> **Your goal**
Exact reproduction required: the lines below from the line with "Vintage Rare Northwest" to the line with "deder solo patrem panjang 9cm kayu pelesium", both ends included, and no others.

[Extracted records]
◆ ◆ ◆

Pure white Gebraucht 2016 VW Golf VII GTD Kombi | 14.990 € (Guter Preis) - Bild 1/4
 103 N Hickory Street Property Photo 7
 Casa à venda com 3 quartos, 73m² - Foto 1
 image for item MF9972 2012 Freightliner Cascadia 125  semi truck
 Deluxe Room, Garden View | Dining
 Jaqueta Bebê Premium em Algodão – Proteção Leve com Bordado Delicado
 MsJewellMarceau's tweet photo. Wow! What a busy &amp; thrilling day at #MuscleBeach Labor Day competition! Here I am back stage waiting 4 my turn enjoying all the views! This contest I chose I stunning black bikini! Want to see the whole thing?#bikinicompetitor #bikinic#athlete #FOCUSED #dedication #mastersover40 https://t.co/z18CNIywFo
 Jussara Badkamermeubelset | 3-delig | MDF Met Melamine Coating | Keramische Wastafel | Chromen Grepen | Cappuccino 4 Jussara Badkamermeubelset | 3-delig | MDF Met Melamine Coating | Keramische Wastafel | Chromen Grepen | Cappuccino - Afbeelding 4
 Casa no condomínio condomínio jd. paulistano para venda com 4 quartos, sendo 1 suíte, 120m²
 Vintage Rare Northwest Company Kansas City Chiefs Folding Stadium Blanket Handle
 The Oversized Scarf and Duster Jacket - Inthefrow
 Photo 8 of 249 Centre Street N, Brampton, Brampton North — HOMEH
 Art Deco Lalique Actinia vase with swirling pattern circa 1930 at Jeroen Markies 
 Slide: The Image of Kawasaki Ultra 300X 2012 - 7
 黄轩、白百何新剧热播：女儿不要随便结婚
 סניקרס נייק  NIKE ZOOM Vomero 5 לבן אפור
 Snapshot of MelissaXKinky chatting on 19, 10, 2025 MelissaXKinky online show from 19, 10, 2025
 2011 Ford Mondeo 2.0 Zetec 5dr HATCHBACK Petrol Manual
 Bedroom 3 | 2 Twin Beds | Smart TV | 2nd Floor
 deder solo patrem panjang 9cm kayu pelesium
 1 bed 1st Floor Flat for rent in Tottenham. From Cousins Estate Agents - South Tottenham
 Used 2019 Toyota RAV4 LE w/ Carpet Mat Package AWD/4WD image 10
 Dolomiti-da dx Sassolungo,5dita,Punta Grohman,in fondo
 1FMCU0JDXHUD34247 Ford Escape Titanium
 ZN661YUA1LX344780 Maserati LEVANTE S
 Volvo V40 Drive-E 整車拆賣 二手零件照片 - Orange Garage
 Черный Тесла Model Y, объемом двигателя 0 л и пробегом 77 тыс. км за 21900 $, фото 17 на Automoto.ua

◆ ◆ ◆

> **Solution for this task**
 Vintage Rare Northwest Company Kansas City Chiefs Folding Stadium Blanket Handle
 The Oversized Scarf and Duster Jacket - Inthefrow
 Photo 8 of 249 Centre Street N, Brampton, Brampton North — HOMEH
 Art Deco Lalique Actinia vase with swirling pattern circa 1930 at Jeroen Markies 
 Slide: The Image of Kawasaki Ultra 300X 2012 - 7
 黄轩、白百何新剧热播：女儿不要随便结婚
 סניקרס נייק  NIKE ZOOM Vomero 5 לבן אפור
 Snapshot of MelissaXKinky chatting on 19, 10, 2025 MelissaXKinky online show from 19, 10, 2025
 2011 Ford Mondeo 2.0 Zetec 5dr HATCHBACK Petrol Manual
 Bedroom 3 | 2 Twin Beds | Smart TV | 2nd Floor
 deder solo patrem panjang 9cm kayu pelesium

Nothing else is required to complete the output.